Metabolic pathway for selenium in the body: speciation by HPLC-ICP MS with enriched Se

Selenium (Se) is an ultramicro essential nutrient and both inorganic (selenite and selenate) and organic (selenocysteine and selenomethionine) forms of Se can be used as nutritional sources. Metabolic pathways for Se in the body were studied for selenite and selenate, with the use of enriched 82 Se, by speciation with separation by gel filtration HPLC and detection by element-specific mass spectrometry with ionization with inductively coupled argon plasma (HPLC-ICP MS). The concentrations of 82 Se in organs and body fluids and the distributions of their constituents depending on the dose and time after the intravenous administration of 82 Se-selenite and -selenate to rats were determined. Selenite was taken up by red blood cells within several minutes, reduced to selenide by glutathione, and then transported to the plasma, bound selectively to albumin and transferred to the liver. Contrary to selenite, intact selenate was either taken up directly by the liver or excreted into the urine.
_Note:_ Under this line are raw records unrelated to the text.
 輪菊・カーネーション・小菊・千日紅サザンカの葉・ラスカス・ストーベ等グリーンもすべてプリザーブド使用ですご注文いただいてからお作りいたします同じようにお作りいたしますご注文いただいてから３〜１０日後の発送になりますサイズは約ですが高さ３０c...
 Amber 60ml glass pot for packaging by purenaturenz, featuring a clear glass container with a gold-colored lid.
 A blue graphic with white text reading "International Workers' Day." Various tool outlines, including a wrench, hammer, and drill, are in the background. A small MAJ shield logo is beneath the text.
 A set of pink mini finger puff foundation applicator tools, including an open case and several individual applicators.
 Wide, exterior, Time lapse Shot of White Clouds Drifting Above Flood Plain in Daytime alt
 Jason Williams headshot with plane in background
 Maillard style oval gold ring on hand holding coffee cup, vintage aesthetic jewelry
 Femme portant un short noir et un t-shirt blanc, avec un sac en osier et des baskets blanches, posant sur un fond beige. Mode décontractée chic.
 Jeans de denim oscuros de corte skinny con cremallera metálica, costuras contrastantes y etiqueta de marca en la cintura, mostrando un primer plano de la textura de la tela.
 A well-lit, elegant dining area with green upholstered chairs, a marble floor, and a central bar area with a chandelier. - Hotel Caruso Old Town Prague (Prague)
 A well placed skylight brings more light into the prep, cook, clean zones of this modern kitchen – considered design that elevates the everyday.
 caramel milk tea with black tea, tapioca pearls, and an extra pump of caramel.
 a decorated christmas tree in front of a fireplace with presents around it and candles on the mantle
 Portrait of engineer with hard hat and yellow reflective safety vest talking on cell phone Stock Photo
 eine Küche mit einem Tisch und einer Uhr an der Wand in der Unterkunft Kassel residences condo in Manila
The 82 Se of selenite origin and that of selenate origin were detected in the forms of the two Se peak materials in the liver, A and B. The former one was methylated to the latter in vivo and in vitro . The latter one was identical with the major urinary metabolite and it was identified as Se-methyl- N -acetyl-selenohexosamine (selenosugar). The chemical species-specific metabolic pathway for Se was explained by the metabolic regulation through selenide as the assumed common intermediate for the inorganic and organic Se sources and as the checkpoint metabolite between utilization for the selenoprotein synthesis and methylation for the excretion of Se.